Film

Chef Special

In Ratatouille, Pixar serves up a picture-perfect tale of heart-friendly haute cuisine.

Simple things done well can be spectacular works of art. Less-than-ideal messengers can end up delivering the news that everyone has been waiting to hear. There's something absolutely pure about standing up and being yourself, never more especially than when the whole world is telling you to seriously consider just being someone else (usually someone more convenient) instead. While it's true that we're all meant for different destinies, it's also true that destiny is an equal opportunity employer ' where we are born doesn't have to determine where we end up, if only we are willing to try. All of which is a fancy way of saying that sometimes a rat needs to be chased from the cupboard, and sometimes he just needs to be given a cookbook.

A summer animation about haute cuisine that's aimed at the kiddie-meal crowd, Pixar's Ratatouille does the latter, the end result a heaping helping of good-humored intelligence garnished with just the right grace notes of silliness and charm. The tale of a country rodent who finds his love of food propelling him to play the (well-disguised) role of big-city chef, Ratatouille is wholly unexpected, a lovely lark of a film, beautifully rendered and fully realized.

Defying his clannish, country, content-with-crumbs family, a wannabe chef sneaks into the kitchen of a once-great-but-now-faded Paris eatery and operates behind the scenes to restore it to its former glory. Seems pretty straightforward, right? Wrong. This chef-in-training can't step anywhere near the kitchen without creating a tempest among the teapots. Remy (Patton Oswalt) is a rat.

Where Remy's more refined tastes come from, he never seems to know; he just knows that his family doesn't understand them. The scavenged food and garbage that satisfies his father Django (Brian Dennehy) and brother Emile (Peter Sohn) only leaves him empty and looking for something different. He discovers that something different during one of his forays into the kitchen of a country farmhouse, a television cooking show proclaiming that "anyone can cook." Remy keeps returning to that kitchen, pilfering spices and reading recipes, until one day the little French farm granny spies him. Pretty soon, the entire rat clan is exposed and running for their lives.

Separated from his family in the frenzy, Remy eventually washes up somewhere in the sewers beneath Paris, his only company the flittering ghost of his TV chef (Brad Garrett) who leads our rodent hero to his old restaurant, Gusteau's. The five-star establishment has slipped to only three under the new chef, Skinner (Ian Holm), a tyrant with a taste for commercialization. When he's not berating his beleaguered staff, he's arranging for Gusteau's once-great name to appear on mass-produced, frozen entrees.

Remy and the hapless Linguini (Lou Romano) enter the same night.
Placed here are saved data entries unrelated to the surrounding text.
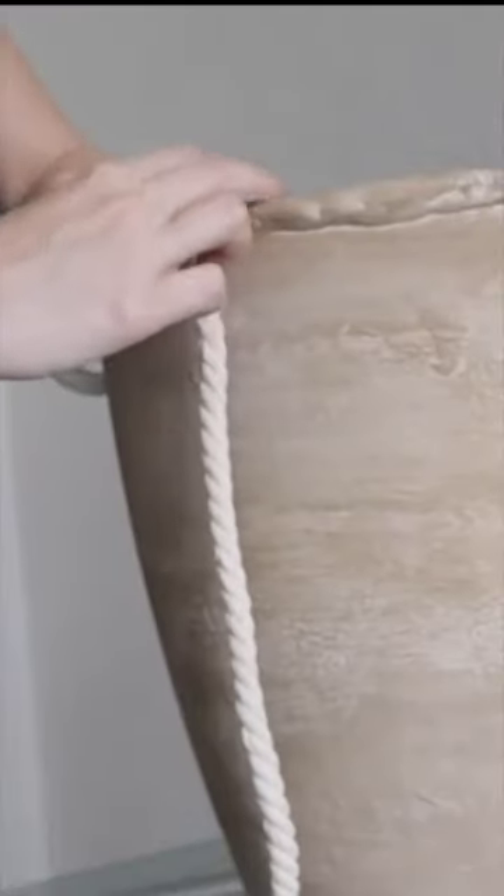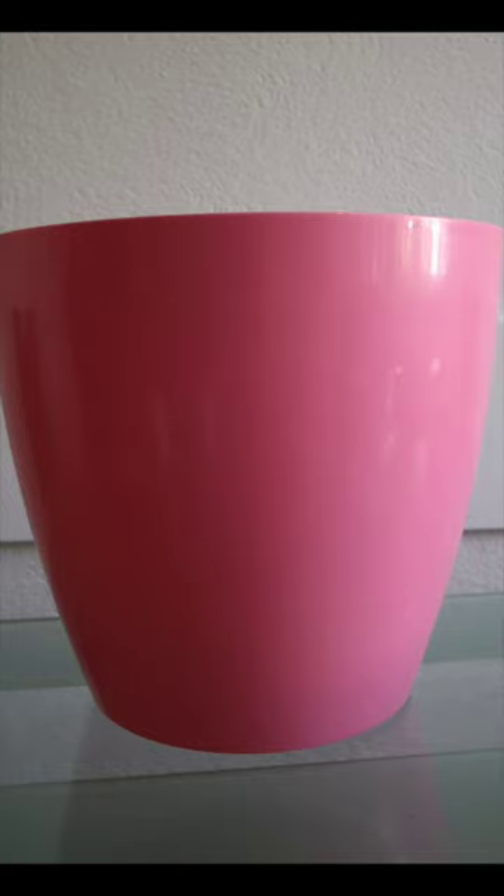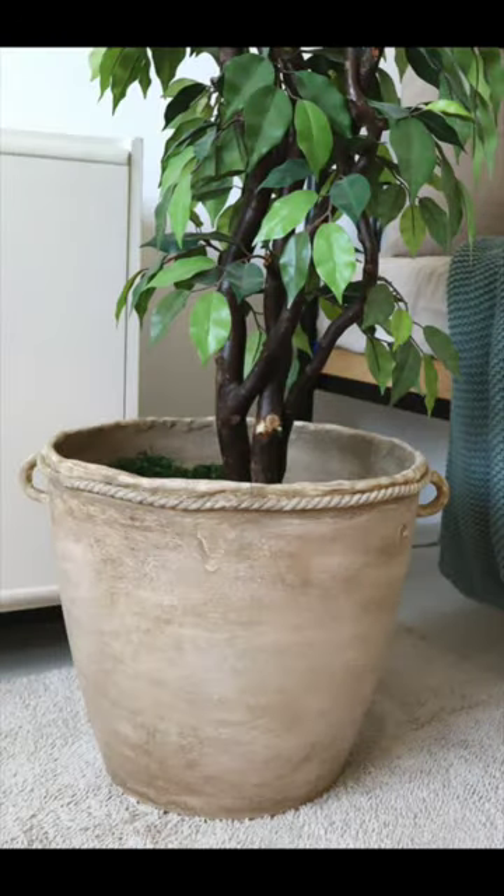Next I glued on some rope around the rim, and then to give it the old age look I went in with some dry dirt and some wet dirt and rubbed it around until I was satisfied. And here's the results — this one's definitely worth giving a try.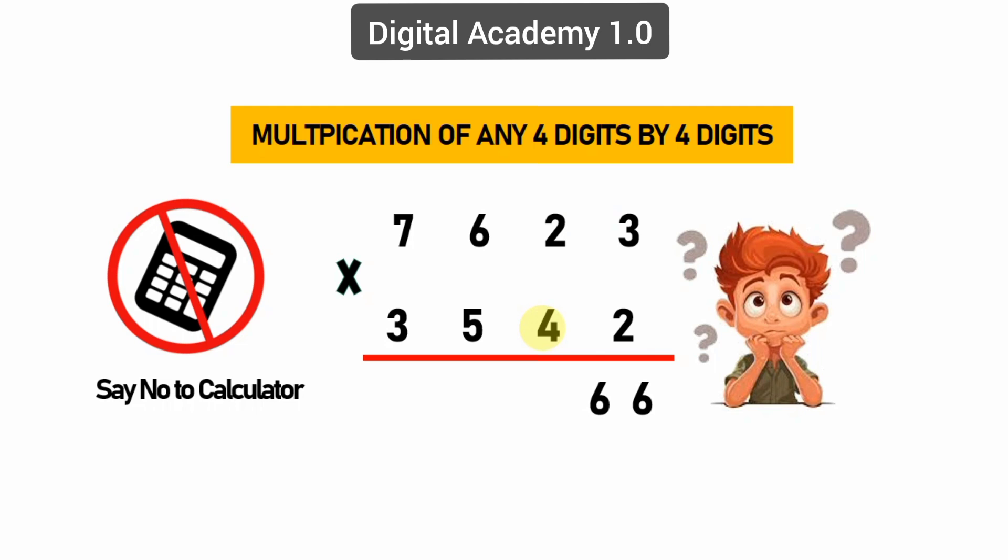Step three: again cross-wire multiplying of hundreds — 6 times 2 equals 12, 3 times 5 equals 15, 2 times 4 equals 8, and 1 previous carry. We get 36. Keep 6 again and 3 carry.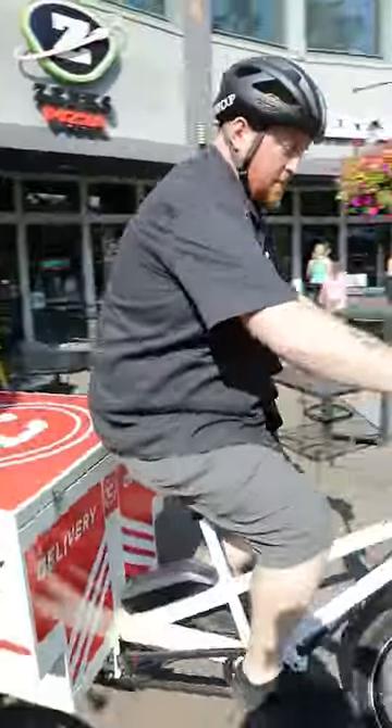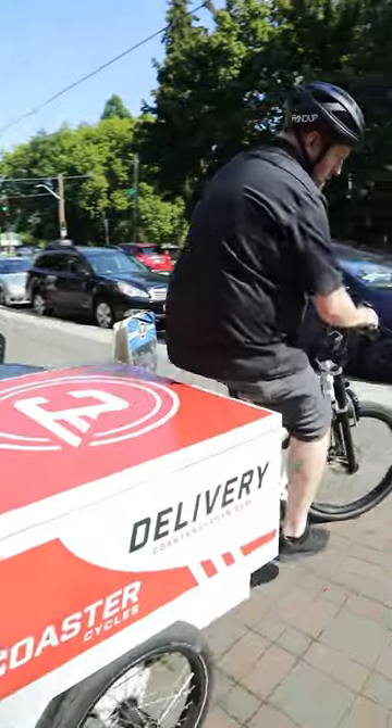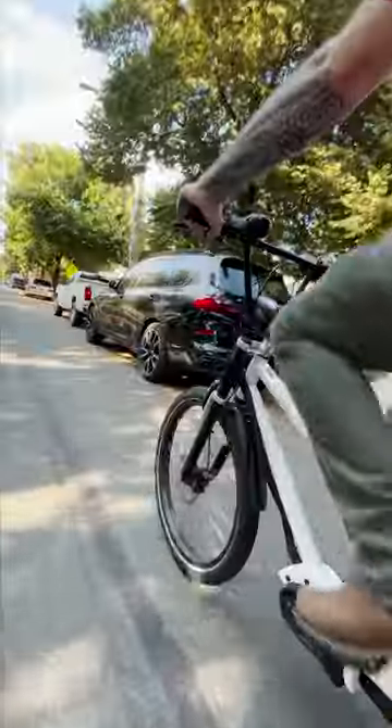It handles really well. The gearing is really nice too. I wasn't struggling to get it started — it's not over-geared. It's got a nice light spin to it, and I like the fact that the box isn't super wide, so I didn't really have to pay attention to it too much.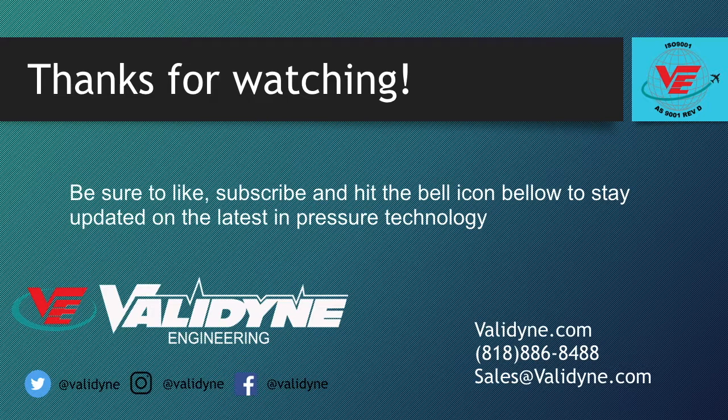Contact Valadion today to discuss your application and to get a quote. Our application engineers are ready to help. Thanks for watching.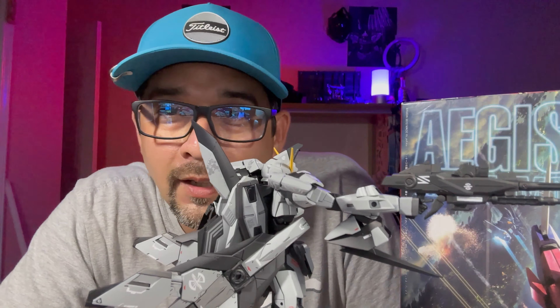Then I had these leftover wings from my Impulse Gundam kit. Since I did the resin kit, I didn't use these wings at all. I was like, man, look at these things — these things are beautiful, I can't let them go to waste. So I did some modifications and I'm able to add them onto the side skirt. Bam — now he has little extra wings on there, and I really like the way they look.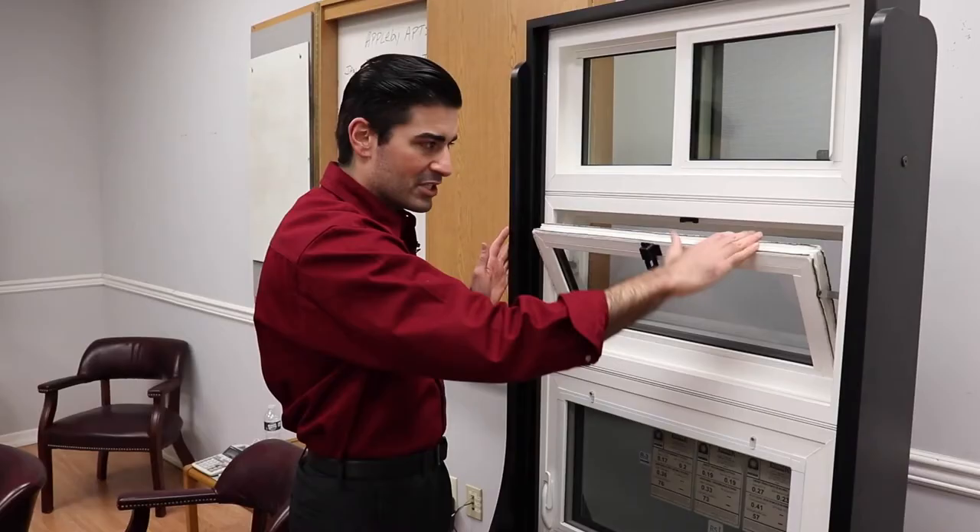Hi, I'm Kellen, and in this episode of Window Anatomy 101, I'm going to answer the question: what is a hopper window?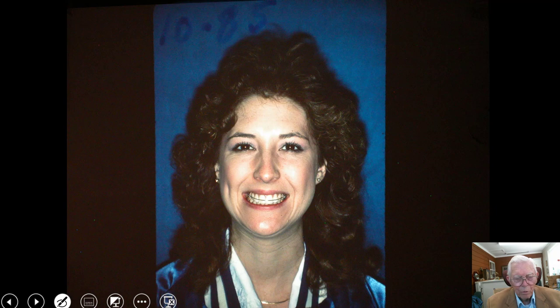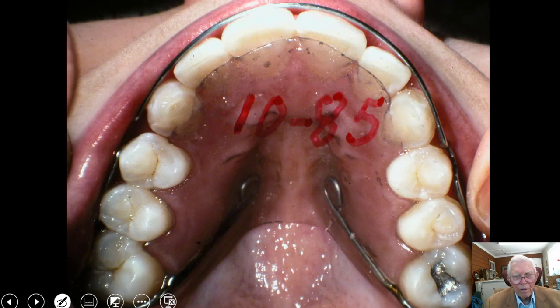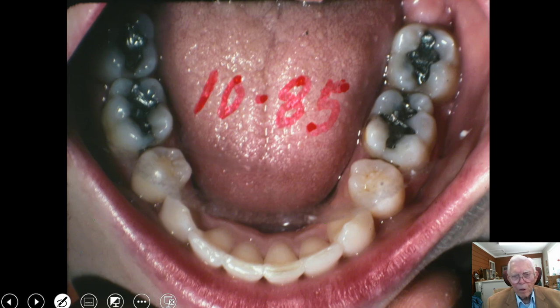Here is the young lady after we finished — somewhere around 1985, about 12 years in. We had a retainer with a slight bite plate. Both bicuspids are present on the top; the molars appear to be gone. On the bottom, we had two molars but extracted the first bicuspid. These cuspids were brought in with the root structure moved back, and they showed no indication of moving back to their original position. We started in 1973, and this is 10 years out — still stable.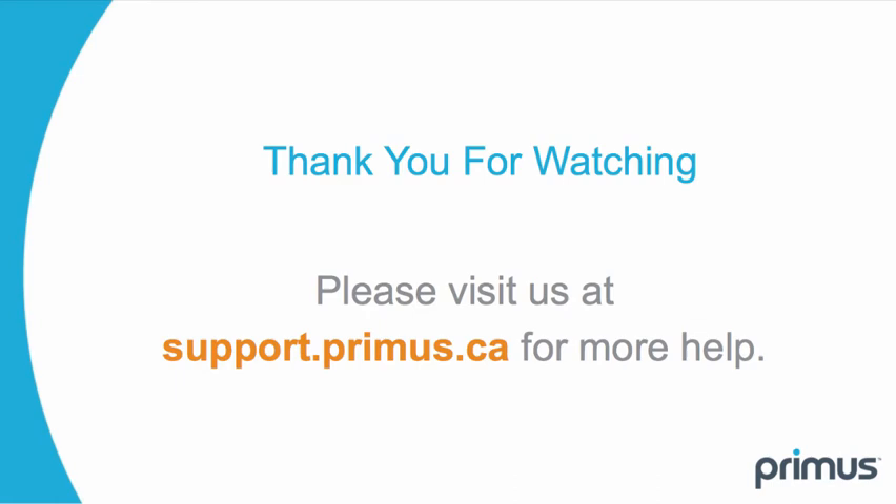Please visit us at support.primus.ca for more help.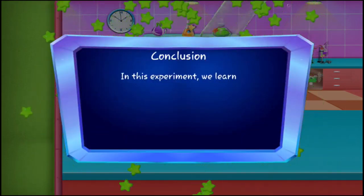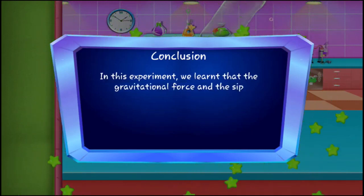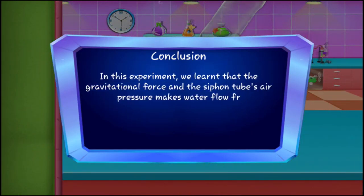In this experiment we learned that gravitational force and the siphon tube's air pressure makes water flow from a height.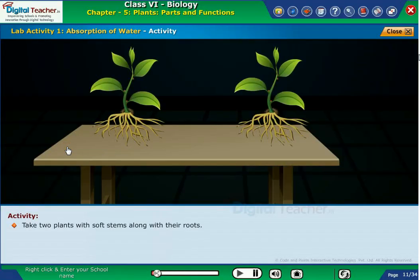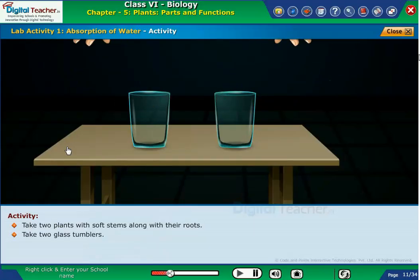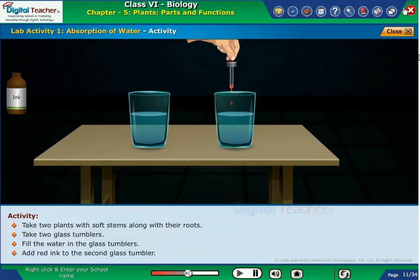Take two plants with soft stems along with their roots. Take two glass tumblers. Fill the water in the glass tumblers. Add red ink to the second glass tumbler.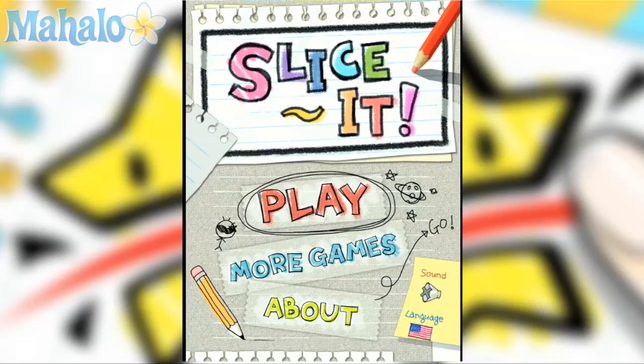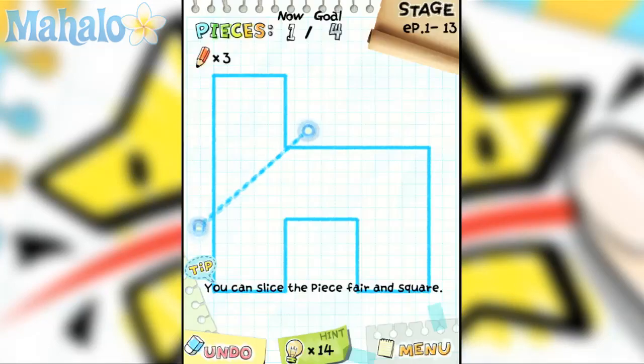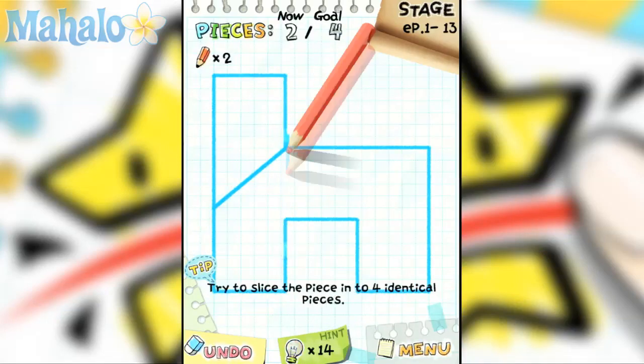Hey, this is Phil from Mahalo Video Games. Here's an educational video on how to play Slice It for the iPad. For more videos in this series, check out Mahalo.com forward slash Slice It WT. Don't forget to subscribe, rate, and comment on this video. Thanks, and happy gaming.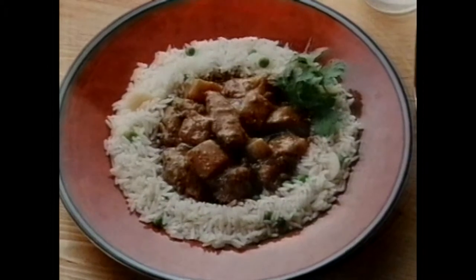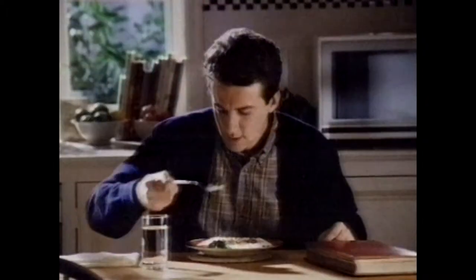Shawoods microwave meals: long life in cupboard, short life on plate.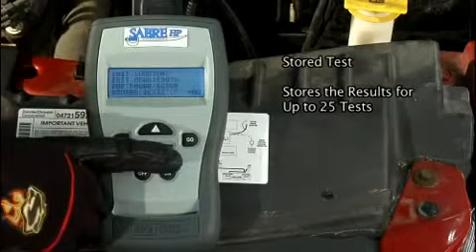Stored tests stores the results for up to 25 tests for you to review later.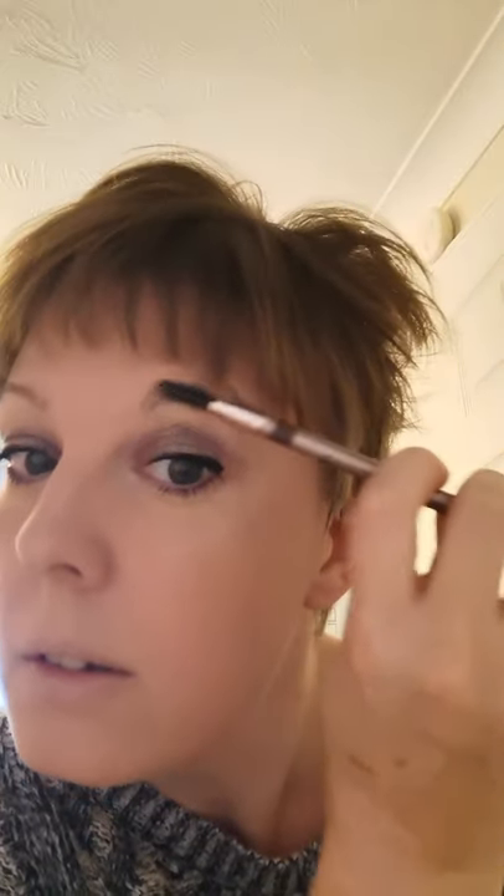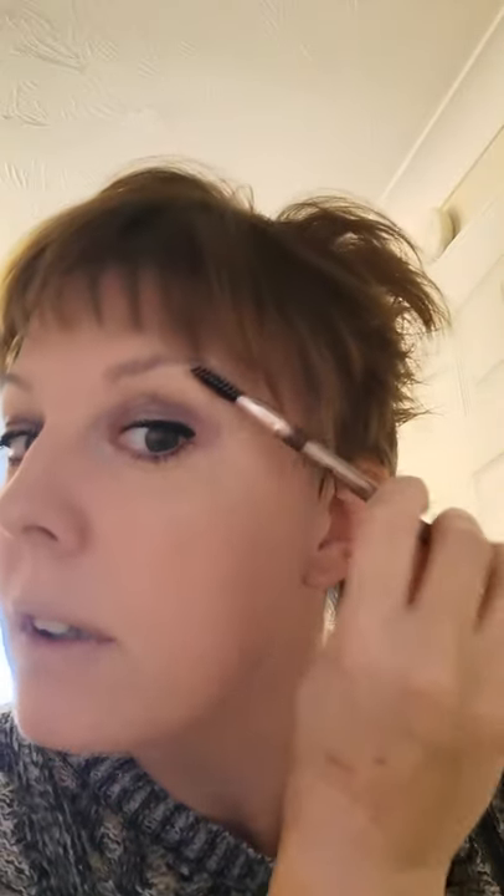Then we have four brow pencils — Ash, Blonde, Brown, and Black. Mine's going to be Brown today. They've got a nice little brush on the end and a nice pointy tip. I'll excuse the hair as well — brush my eyebrows. Really funny doing it on camera but there you go.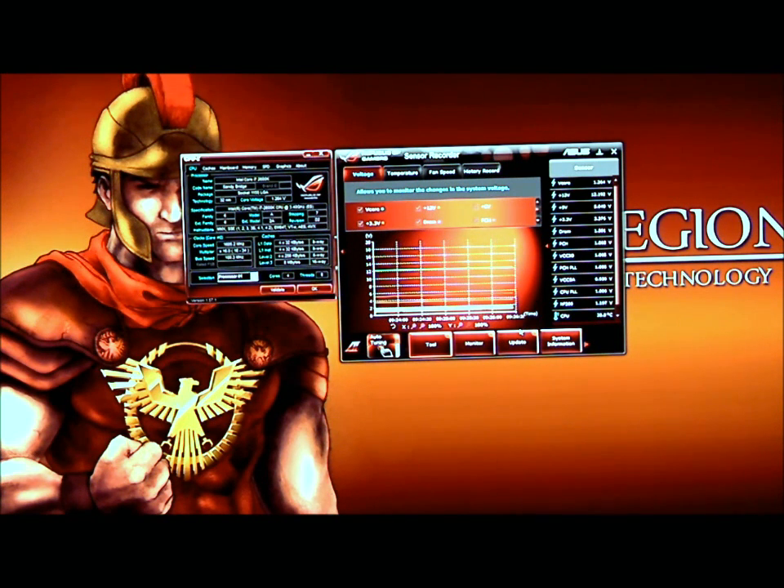Basically what this does is it allows you to remotely control and monitor your system settings from your BIOS via your Android phone, via an iPhone, or some other media. I've already installed the programs. The programs consist of ROG Connect and ROG Connect Plus. Of course there's also an app for your Android phone that you need to install.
Young Linguini just wants a job that he can hang on to; Remy wants to soak up the experience of a real-live kitchen. A series of misadventures puts our two heroes together, Remy tucked safely under Linguini's toque playing food-preparation puppetmaster. The duo, of course, creates a series of dishes that impresses diners ' creating, in turn, major complications for their precarious professional arrangement. A contested will, a kitchen romance in the making and a marvelously drawn, maliciously voiced food critic (Peter O'Toole) add spice to all that stewing.

The lush details of Pixar animation manage to make every digital dish mouthwatering. Soups and sauces gleefully bubble and boil, fresh fruits and vegetables roly-poly across cutting boards, and finished entrees exit the kitchen's swinging doors like the tiny little masterpieces they are. The world outside receives the same vibrant treatment. Remy's flume ride of an escape from the farm provides that all-important action-adventure ingredient, but the rush of water and underwater confusion is carefully inked cartoon chaos. Paris glimmers, the lights of the Eiffel Tower shining in the distance, eclipsing the fog-shrouded street lamps.

The characters, though, are what keep Ratatouille fresh. If you have to put a rat in the kitchen, Remy is a cute little blue bundle of expression and verve. Linguini is an oversized kid, right down to his red Chuck Taylors; the animators give him an incredibly flexible spine, which Remy pulls around, making Linguini remind us of Charlie Chaplin's Little Tramp. When Remy's rat clan shows up in ever-increasing numbers, they are a sea of wide white eyes. The film's sweetest character, though, is the fearsome film critic Anton Ego. Impossibly tall, imposingly angular, Ego is exaggerated and absolutely alive. Like all of Ratatouille's characters, he is headed for a big twist ' and headed there with lipsmacking zest.